▶ What is being asked
Leave the pictures in the listing below aside and reproduce exactly the lines starting with the one with "cursed, bloody moon, scars" and going on through the one with "Produktbild von Starpak", both ends included.

▶ Exercise data
=== Section Start ===

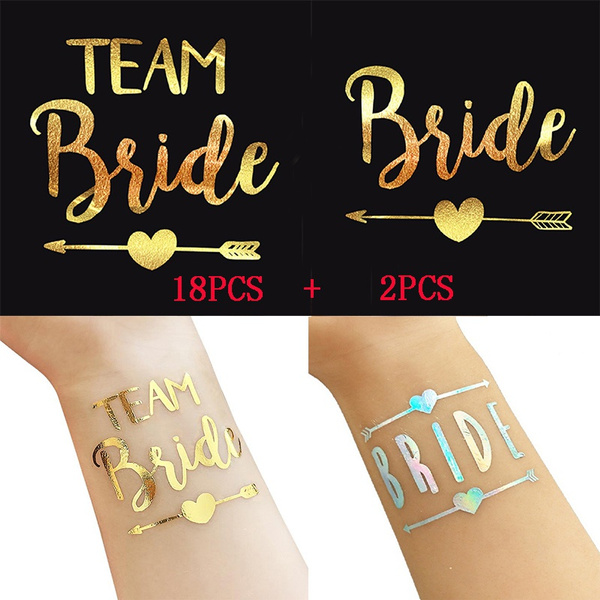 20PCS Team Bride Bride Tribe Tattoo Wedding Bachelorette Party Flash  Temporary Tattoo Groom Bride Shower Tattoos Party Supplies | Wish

=== Section End ===
=== Section Start ===

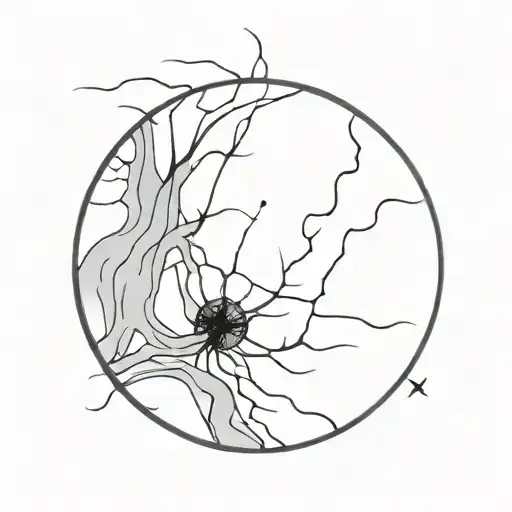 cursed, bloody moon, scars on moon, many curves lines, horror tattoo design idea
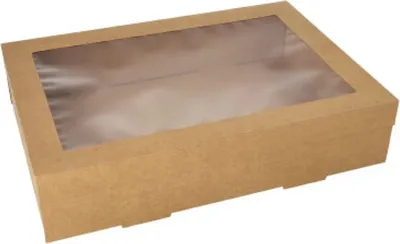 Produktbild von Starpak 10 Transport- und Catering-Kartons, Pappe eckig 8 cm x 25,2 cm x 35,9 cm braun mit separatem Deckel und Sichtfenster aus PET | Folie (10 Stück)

=== Section End ===

▶ Solution for this task
 cursed, bloody moon, scars on moon, many curves lines, horror tattoo design idea
 Produktbild von Starpak 10 Transport- und Catering-Kartons, Pappe eckig 8 cm x 25,2 cm x 35,9 cm braun mit separatem Deckel und Sichtfenster aus PET | Folie (10 Stück)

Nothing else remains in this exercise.